On Tuesday local time, the Seattle City Council will vote on a one-year moratorium on new data center projects. The proposal comes as several companies, including major tech companies including Amazon, submitted plans to build five large data centers in the city just two months ago. Currently, one of the strongest supporters of this moratorium is current employees from Amazon, Seattle’s largest technology company, who attended the hearing with other citizens last week to testify and express support for the proposal.

Across the United States, large-scale data center projects have been triggering protests recently due to issues such as huge water consumption, potential to push up local electricity prices, and equipment operation noise. Seattle and King County, where it is located, are also facing the same controversy. If the city council votes to adopt this moratorium on June 9, applications for new large-scale data center projects in Seattle will be shelved in the next year. The city council plans to use the year to research and develop legislation to "take back power" both figuratively and literally.

At two previous City Council hearings, local residents — including engineers, software developers and others in the tech industry — mostly spoke in support of the moratorium. Lesl Wigand, a senior software engineer at Amazon, said at a hearing of the City Council’s Land Use and Sustainability Committee last Wednesday that he has personally seen the consequences of “unlimited expansion of AI construction” in his own work. She pointed out that there is currently a common concept in the technology industry that all problems should be solved through artificial intelligence, but ignores the huge resource costs behind this process, and this culture is "ubiquitous" in the entire technology industry.

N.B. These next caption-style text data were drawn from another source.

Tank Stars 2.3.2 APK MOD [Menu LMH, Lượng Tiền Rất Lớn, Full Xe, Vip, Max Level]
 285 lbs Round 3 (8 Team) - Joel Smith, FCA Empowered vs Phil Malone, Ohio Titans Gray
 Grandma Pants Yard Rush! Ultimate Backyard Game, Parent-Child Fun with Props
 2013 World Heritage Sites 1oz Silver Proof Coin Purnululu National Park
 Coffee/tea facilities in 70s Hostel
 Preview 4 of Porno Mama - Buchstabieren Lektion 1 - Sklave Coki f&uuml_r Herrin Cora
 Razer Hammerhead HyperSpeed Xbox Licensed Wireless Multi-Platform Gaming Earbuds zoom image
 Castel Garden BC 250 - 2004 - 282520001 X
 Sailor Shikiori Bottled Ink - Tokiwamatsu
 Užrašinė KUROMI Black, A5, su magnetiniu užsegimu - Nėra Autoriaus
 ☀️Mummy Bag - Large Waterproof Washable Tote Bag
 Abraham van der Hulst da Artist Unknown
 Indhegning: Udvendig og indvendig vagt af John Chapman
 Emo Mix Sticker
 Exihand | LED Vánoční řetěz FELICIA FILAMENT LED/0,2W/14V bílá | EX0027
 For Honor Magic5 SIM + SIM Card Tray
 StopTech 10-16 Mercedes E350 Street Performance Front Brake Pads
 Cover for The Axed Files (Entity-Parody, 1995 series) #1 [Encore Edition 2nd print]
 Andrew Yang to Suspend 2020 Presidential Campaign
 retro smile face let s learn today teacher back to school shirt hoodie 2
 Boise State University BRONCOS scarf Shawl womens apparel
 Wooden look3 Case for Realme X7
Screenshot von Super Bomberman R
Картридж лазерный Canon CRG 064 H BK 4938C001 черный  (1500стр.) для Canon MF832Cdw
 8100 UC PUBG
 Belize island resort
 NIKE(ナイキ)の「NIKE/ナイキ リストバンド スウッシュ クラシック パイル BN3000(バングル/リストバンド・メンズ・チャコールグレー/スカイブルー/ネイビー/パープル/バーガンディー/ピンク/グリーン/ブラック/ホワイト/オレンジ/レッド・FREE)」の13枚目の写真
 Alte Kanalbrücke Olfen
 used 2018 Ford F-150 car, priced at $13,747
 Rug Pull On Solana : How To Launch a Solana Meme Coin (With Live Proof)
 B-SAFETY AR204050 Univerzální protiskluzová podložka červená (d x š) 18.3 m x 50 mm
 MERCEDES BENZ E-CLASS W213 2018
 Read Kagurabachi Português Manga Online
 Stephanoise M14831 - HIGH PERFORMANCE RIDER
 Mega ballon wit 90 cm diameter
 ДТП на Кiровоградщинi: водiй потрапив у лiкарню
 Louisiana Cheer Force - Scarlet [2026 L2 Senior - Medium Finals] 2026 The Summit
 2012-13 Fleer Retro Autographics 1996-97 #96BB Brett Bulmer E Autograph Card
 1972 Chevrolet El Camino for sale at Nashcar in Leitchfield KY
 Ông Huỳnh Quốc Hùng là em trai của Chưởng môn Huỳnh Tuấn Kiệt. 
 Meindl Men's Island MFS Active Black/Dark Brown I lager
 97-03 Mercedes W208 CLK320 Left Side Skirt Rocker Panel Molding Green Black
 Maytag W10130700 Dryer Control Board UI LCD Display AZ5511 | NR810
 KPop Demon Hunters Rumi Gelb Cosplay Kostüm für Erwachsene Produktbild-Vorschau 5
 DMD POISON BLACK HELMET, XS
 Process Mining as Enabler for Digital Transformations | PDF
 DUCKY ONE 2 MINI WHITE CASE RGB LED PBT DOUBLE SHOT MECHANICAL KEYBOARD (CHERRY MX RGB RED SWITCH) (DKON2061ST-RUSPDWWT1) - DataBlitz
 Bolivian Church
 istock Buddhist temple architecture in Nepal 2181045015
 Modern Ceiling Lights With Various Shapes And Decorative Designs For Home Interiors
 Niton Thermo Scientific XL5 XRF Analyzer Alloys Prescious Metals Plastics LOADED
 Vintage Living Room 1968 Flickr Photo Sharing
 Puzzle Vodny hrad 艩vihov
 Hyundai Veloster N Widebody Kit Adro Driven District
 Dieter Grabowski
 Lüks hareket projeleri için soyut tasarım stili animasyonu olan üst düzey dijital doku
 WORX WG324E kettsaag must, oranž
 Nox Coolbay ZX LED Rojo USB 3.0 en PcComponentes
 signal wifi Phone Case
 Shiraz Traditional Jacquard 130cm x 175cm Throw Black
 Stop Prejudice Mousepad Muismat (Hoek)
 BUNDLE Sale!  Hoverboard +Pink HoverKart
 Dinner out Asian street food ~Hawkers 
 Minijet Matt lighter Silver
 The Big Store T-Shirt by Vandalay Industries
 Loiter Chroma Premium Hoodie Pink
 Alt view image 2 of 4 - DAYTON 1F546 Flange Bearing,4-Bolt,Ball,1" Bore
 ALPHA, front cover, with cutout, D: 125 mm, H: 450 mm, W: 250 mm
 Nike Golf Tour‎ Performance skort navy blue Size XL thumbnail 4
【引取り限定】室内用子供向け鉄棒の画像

Wigand is also a member of Amazon Employees for Climate Justice, an organization composed of current and former Amazon employees who focus on and promote corporate responses to the climate crisis. Last year, more than a thousand Amazon employees signed an open letter accusing the company of "abandoning its stated climate goals" to develop its AI business. In their letter, they call on Amazon to commit to using 100% additional, local renewable energy to power all of its data centers to reduce the impact on the local environment and energy systems.